KIGALI/AMSTERDAM (Reuters) – The Netherlands has suspended 5 million euros ($6.15 million) in aid to Rwanda over its reported support for rebels in Congo, a spokeswoman said on Thursday, hours after Kigali said a similar move by the United States was regrettable and would be proved wrong.
The Dutch reaction to a report from United Nations experts saying Kigali was backing insurgents in the east of the Democratic Republic of Congo follows Washington’s $200,000 cut in military aid at the weekend.
A spokeswoman for the Dutch foreign ministry said the suspended aid was to have been used for improving Rwanda’s judicial system and that support to non-governmental organizations would continue.
The Dutch government would discuss future aid to Rwanda with other European Union governments and resumption would require an immediate end to Rwandan support for rebels in Congo, she said.
Kigali did not immediately respond to the Dutch move but Rwanda has regularly denied having any link to eastern Congolese rebels and said earlier on Thursday that the U.S. move had been “regrettable” and based on a flawed report.
“It would have been better for the U.S. or any other of our partners to actually take a decision based on clear evidence, not on allegations,” Foreign Minister Louise Mushikiwabo said.
The U.S. cut was seen as a significant shift in policy because Washington has stood by Rwanda in the past despite the tiny nation’s long history of involvement in wars in its vast, unstable neighbor since a 1994 genocide.
Asked if the military aid cut had damaged relations with the United States, Mushikiwabo said: “I don’t think so.”
Clashes between the Congolese army and M23 rebels have forced thousands of people to flee their homes in the last 48 hours, adding to some 260,000 people already displaced since April.
Mushikiwabo also brushed aside a report in Britain’s Guardian newspaper that a U.S. official had warned Rwanda’s leaders they could face prosecution at the International Criminal Court for arming groups responsible for atrocities in the Congo.
“Let’s just take the wildest guess and say that the U.S. government actually does believe that (the leaders might be charged).
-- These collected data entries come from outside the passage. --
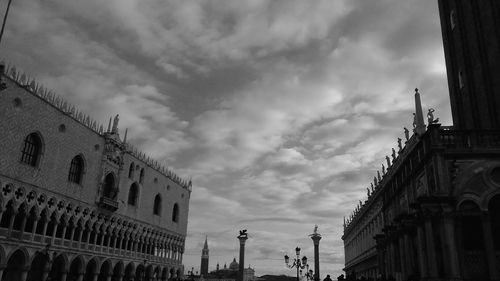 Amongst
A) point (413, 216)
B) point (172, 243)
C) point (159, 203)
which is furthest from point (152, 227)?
point (413, 216)

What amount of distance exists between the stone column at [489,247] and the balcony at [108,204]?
3607 centimetres

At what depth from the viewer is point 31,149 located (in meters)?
35.1

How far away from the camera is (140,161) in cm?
5331

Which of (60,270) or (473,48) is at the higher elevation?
(473,48)

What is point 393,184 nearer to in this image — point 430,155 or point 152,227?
point 430,155

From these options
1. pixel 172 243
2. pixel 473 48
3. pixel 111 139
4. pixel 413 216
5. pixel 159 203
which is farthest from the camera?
pixel 172 243

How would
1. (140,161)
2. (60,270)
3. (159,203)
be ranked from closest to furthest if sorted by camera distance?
(60,270), (140,161), (159,203)

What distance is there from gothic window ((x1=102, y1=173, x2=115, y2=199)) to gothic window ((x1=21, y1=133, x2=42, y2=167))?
443 inches

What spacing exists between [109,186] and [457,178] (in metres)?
37.6

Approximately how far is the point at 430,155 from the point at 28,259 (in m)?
30.9

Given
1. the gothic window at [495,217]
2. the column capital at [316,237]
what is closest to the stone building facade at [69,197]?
the column capital at [316,237]

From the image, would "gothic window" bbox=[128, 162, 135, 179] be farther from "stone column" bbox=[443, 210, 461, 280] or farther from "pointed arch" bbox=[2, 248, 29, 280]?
"stone column" bbox=[443, 210, 461, 280]

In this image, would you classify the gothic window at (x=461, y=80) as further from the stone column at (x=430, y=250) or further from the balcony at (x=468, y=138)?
the stone column at (x=430, y=250)

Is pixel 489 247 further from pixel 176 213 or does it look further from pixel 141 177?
pixel 176 213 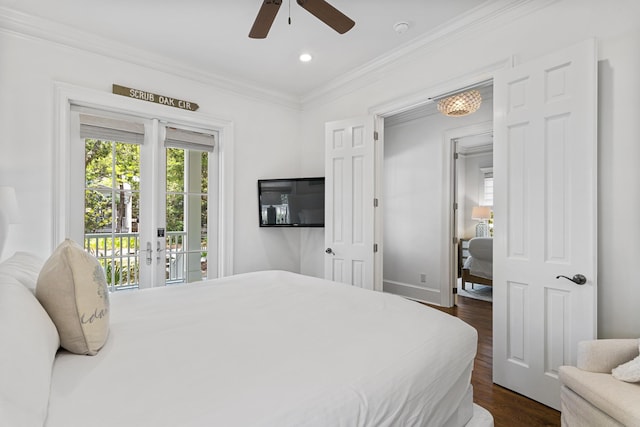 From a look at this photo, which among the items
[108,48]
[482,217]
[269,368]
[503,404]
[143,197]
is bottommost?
[503,404]

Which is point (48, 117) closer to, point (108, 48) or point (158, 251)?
point (108, 48)

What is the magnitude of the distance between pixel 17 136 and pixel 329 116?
2900 millimetres

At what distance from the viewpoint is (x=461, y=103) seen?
329cm

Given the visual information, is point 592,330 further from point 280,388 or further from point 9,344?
point 9,344

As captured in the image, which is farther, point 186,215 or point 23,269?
point 186,215

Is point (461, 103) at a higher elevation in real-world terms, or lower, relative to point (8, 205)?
higher

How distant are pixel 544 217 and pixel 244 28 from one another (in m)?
2.66

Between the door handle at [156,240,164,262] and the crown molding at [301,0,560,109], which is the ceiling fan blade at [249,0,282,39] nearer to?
the crown molding at [301,0,560,109]

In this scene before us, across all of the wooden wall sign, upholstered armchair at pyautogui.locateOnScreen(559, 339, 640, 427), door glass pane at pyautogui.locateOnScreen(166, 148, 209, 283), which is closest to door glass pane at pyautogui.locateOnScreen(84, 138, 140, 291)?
door glass pane at pyautogui.locateOnScreen(166, 148, 209, 283)

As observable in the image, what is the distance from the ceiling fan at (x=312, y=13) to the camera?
1.88m

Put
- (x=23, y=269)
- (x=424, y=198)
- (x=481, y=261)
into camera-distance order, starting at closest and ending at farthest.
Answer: (x=23, y=269) → (x=424, y=198) → (x=481, y=261)

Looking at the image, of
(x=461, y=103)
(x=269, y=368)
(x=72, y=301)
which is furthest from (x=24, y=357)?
(x=461, y=103)

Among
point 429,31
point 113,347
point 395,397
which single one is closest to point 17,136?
point 113,347

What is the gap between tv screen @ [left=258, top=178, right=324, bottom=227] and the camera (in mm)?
3812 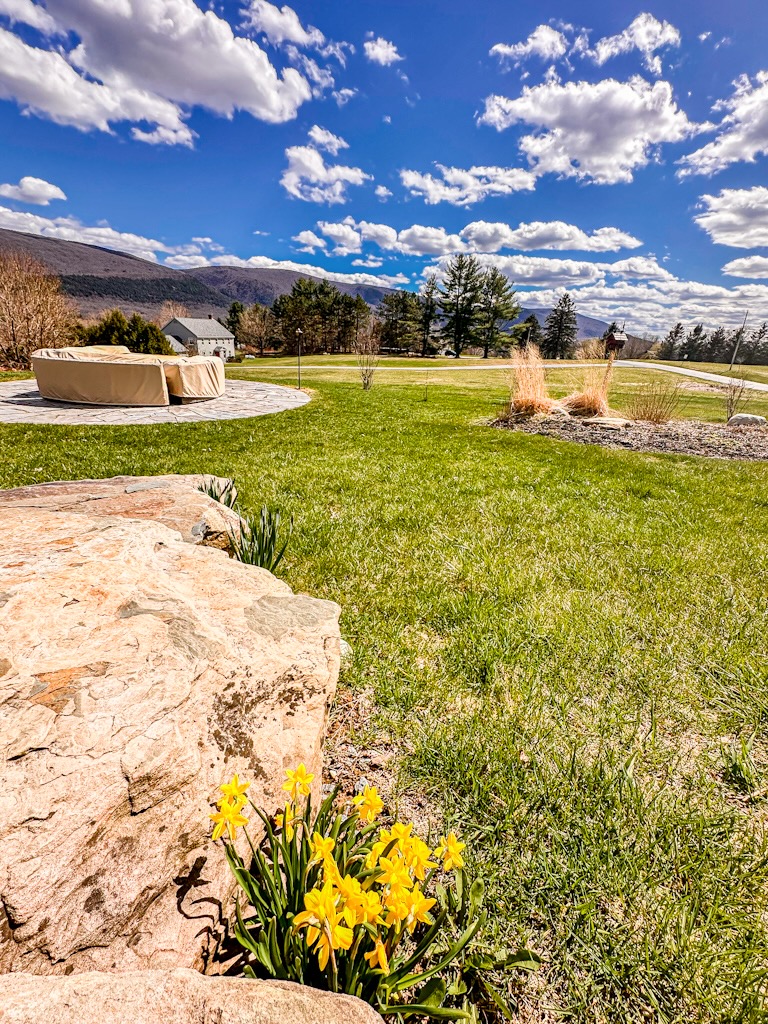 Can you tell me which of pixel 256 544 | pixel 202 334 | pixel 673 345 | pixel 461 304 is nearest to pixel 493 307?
pixel 461 304

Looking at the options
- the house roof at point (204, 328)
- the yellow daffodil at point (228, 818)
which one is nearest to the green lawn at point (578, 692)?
the yellow daffodil at point (228, 818)

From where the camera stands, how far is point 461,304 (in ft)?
166

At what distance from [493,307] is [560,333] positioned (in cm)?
1456

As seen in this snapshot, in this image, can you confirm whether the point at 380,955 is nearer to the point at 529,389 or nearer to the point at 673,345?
the point at 529,389

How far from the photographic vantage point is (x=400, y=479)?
18.5 ft

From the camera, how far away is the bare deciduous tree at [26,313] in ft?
55.8

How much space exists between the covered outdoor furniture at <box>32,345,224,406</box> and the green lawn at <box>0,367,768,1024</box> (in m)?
5.36

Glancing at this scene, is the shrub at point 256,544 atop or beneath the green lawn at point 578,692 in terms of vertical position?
atop

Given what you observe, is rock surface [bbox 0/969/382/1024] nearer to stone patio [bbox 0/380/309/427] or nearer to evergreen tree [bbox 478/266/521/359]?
stone patio [bbox 0/380/309/427]

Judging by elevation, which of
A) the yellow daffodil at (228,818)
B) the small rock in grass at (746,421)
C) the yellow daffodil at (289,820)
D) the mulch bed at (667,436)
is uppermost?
the yellow daffodil at (228,818)

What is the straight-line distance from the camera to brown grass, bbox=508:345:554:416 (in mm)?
10719

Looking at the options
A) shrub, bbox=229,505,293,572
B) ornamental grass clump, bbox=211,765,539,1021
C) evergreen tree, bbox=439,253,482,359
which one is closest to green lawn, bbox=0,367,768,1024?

They wouldn’t announce it through a journalist. That’s not how the U.S. government functions,” she said.
“There is no truth to that. Not only is there no truth to that but it also shows how people are just going wild with this whole Congo thing.”
The U.N. experts accused high-ranking Rwandan officials of backing the Congolese rebels with arms, ammunition and supplies but Mushikiwabo said Rwanda had no reason to support an uprising in a neighboring country.
Rwandan officials had met the authors of the U.N. report in Kigali to give their side of the story, she said. The report’s final version is due to be released around November.
“We went through each one of them carefully, every single allegation, and gave our own rebuttal … I think when the report becomes final in November it should be very clear that this interim report was just a compilation of allegations, a lot of fabrications,” she said.
“What does a photo of a uniform prove? I can get a uniform sewn here in Kigali any time and put it in a report. So what I think is that this report is very superficially plausible but people really need to look at it.”
The M23 rebellion takes its name from a 2009 peace accord the rebels say was violated by Kinshasa.
It has been swelled by hundreds of defectors from the Congolese army who walked into the bush in support of fugitive Congolese General Bosco Ntaganda, wanted by the ICC on war crimes charges.